- WHAT TO PRODUCE -
Count every line of these entries that holds the word "photo", and reply with the number only.
*** RAW DATA ***
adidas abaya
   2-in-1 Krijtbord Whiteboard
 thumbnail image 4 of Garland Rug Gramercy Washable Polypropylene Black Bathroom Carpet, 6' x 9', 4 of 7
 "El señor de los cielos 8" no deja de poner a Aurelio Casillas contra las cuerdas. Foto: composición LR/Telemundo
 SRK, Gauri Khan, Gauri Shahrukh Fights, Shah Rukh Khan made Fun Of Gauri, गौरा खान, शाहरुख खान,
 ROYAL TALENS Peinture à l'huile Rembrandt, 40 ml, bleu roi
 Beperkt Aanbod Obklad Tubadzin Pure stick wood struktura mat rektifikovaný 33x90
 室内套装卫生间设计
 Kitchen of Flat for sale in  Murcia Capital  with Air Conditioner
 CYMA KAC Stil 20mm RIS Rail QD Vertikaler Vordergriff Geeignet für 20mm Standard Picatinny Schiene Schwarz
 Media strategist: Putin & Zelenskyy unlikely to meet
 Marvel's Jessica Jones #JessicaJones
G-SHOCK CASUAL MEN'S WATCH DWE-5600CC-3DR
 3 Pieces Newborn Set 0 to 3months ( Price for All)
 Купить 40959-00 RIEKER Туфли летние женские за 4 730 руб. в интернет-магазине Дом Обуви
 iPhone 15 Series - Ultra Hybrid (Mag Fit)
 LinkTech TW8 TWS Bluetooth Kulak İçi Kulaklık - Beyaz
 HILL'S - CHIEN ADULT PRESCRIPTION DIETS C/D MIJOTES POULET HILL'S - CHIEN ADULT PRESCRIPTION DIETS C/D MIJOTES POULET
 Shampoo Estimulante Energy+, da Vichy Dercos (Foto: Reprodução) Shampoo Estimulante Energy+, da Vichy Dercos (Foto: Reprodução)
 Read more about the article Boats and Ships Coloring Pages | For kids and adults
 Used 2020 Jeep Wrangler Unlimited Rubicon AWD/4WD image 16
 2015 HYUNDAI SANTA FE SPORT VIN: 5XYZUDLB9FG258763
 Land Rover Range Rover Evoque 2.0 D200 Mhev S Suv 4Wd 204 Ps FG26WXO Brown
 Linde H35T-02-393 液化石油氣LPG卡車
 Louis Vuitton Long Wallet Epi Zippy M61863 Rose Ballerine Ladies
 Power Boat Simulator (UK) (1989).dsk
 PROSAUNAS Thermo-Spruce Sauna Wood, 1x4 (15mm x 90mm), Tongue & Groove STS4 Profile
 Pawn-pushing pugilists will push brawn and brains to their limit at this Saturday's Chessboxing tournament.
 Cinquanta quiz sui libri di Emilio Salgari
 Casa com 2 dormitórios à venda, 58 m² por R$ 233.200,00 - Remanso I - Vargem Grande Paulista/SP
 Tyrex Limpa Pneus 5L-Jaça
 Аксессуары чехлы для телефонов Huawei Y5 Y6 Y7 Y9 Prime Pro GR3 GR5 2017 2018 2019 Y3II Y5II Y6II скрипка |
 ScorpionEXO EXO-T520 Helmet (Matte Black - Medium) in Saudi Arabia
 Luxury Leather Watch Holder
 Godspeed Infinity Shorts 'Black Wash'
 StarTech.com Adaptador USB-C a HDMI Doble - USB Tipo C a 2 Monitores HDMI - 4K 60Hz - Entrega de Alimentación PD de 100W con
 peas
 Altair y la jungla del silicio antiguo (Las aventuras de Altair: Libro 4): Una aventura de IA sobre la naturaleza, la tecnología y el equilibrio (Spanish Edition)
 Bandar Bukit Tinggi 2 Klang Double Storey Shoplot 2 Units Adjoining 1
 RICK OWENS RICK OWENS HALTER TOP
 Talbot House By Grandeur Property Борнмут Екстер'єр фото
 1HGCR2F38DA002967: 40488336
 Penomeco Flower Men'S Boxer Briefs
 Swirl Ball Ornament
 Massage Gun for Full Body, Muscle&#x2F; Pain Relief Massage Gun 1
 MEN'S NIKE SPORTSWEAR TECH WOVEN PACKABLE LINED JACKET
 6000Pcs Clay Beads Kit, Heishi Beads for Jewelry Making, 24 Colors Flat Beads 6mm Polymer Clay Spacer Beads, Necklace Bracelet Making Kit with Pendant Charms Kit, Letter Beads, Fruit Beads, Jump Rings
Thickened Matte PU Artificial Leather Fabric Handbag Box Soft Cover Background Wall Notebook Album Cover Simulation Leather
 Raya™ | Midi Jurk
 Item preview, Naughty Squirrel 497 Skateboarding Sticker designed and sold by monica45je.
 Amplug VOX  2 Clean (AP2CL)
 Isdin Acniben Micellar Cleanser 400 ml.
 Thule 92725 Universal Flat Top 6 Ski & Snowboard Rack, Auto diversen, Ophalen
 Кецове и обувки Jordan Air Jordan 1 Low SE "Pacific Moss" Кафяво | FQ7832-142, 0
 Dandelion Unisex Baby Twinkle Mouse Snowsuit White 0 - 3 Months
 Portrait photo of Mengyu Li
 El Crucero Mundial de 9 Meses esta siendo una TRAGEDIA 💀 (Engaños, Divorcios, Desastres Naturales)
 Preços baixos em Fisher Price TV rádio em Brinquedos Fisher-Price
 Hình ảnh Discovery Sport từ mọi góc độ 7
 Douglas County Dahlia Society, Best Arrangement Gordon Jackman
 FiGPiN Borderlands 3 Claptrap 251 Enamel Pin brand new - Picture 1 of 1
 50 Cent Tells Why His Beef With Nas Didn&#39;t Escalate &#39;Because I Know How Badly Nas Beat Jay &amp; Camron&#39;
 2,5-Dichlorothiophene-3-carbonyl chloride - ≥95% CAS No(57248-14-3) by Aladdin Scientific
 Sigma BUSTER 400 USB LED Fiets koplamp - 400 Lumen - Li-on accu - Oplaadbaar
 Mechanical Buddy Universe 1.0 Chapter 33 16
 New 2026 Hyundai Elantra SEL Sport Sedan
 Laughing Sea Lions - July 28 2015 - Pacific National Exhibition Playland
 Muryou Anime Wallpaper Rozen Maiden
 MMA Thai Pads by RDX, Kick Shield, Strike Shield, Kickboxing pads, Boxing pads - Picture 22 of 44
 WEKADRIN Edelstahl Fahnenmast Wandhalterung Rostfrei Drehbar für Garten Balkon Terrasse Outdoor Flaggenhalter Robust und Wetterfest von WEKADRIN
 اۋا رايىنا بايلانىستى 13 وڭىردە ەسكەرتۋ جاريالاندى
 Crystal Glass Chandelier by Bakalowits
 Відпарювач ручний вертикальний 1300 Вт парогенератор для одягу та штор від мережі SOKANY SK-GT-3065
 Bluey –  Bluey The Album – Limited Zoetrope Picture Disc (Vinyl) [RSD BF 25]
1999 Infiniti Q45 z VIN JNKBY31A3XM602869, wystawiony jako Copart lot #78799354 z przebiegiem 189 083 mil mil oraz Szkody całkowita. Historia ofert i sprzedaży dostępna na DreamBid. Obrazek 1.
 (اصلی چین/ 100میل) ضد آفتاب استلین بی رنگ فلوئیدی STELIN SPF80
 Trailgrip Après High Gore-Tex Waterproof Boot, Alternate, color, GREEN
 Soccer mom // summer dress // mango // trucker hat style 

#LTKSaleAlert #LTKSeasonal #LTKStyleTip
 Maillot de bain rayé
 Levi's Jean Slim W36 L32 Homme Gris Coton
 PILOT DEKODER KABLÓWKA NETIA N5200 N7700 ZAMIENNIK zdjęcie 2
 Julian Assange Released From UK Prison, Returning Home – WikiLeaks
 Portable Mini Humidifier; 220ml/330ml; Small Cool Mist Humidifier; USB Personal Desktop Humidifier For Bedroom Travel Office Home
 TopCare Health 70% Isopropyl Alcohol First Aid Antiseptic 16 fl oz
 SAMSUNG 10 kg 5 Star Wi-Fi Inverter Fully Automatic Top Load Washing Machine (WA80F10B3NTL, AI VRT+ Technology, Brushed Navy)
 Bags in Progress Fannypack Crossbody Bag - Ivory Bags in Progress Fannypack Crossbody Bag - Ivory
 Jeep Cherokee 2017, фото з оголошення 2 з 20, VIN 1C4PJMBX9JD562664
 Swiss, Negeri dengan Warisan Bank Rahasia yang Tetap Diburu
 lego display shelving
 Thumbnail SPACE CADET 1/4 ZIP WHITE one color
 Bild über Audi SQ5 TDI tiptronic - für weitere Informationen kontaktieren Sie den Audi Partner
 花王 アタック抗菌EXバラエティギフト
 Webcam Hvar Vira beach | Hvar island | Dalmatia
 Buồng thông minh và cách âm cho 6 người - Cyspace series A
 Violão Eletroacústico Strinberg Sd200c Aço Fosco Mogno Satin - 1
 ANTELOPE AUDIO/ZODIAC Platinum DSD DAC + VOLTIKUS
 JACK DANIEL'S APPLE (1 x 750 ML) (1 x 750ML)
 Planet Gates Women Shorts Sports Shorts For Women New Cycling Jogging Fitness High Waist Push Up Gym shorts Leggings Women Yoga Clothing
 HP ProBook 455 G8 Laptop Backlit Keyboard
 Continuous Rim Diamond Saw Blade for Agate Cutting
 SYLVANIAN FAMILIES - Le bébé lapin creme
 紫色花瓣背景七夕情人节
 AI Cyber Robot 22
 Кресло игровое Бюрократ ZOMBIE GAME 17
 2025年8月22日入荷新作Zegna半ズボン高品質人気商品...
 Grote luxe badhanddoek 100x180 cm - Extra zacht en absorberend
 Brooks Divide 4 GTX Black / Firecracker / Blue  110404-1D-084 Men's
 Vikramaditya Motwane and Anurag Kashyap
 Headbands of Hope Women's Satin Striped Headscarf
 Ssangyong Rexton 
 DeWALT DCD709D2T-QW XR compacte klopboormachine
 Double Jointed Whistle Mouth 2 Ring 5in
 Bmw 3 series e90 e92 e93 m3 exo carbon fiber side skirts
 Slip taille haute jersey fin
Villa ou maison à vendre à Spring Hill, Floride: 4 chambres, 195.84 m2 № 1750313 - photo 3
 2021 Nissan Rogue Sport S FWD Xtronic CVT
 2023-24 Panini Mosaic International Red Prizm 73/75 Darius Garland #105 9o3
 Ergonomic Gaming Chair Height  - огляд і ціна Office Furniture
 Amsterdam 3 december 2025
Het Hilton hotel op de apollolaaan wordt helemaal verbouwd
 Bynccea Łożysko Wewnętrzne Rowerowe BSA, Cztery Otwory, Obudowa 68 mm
*** End of RAW DATA ***
- FINISHED TASK -
2